**INFORMATION:**
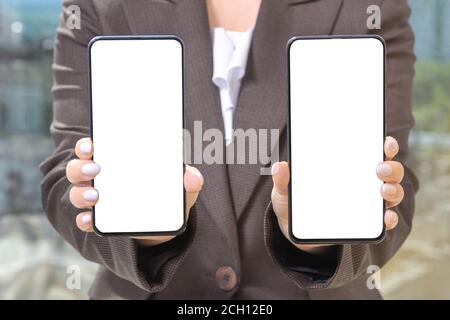 Mockup Handy. Geschäftsfrau in einem Anzug zeigt zwei Telefone. Stockfoto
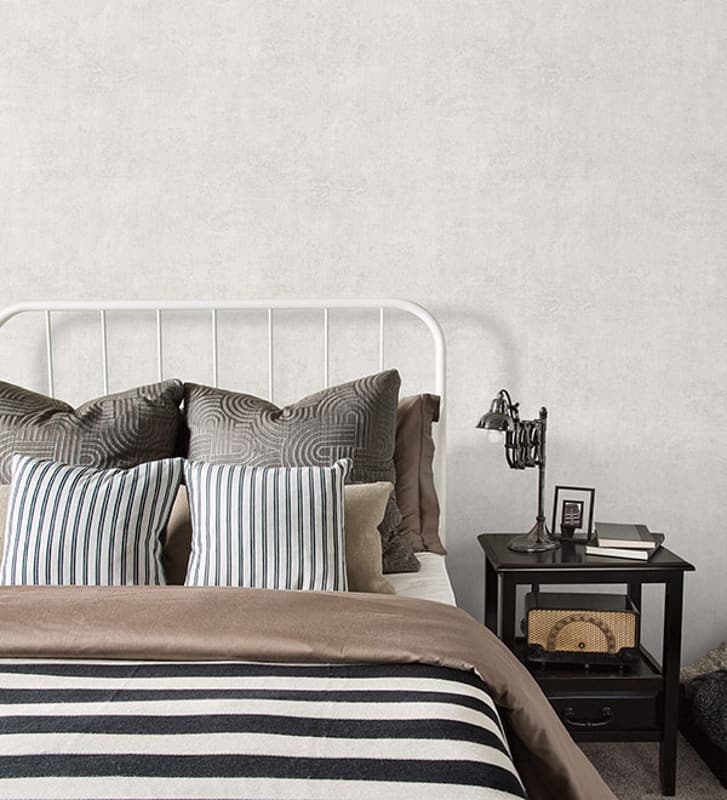 Light grey plaster texture wallcovering in a bedrrom with patterned and striped pillows.

18 Mar 2015 --- Striped and patterned pillows and blanket on bed --- Image by © Hero Images/Corbis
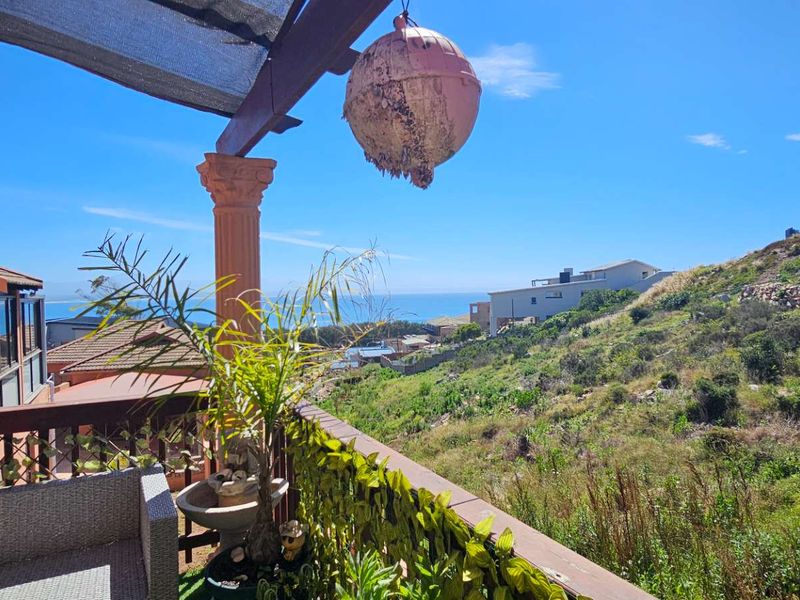 An elevated balcony featuring a timber pergola and decorative column, offering scenic coastal and hillside views.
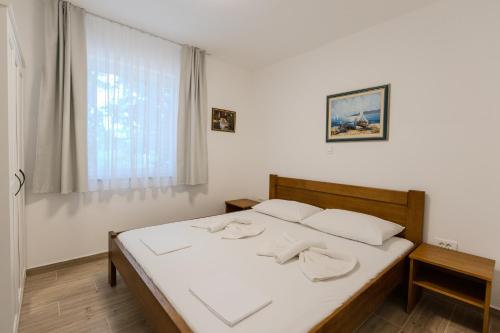 Postel nebo postele na pokoji v ubytování Apartments Lorena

**EXERCISE REQUIREMENTS:** In the data above, find the line with "Light grey plaster" and the line with "An elevated balcony". Please copy exactly those two lines and every line between them, but not the pictures.

**RESULT BELOW:**
 Light grey plaster texture wallcovering in a bedrrom with patterned and striped pillows.

18 Mar 2015 --- Striped and patterned pillows and blanket on bed --- Image by © Hero Images/Corbis
 An elevated balcony featuring a timber pergola and decorative column, offering scenic coastal and hillside views.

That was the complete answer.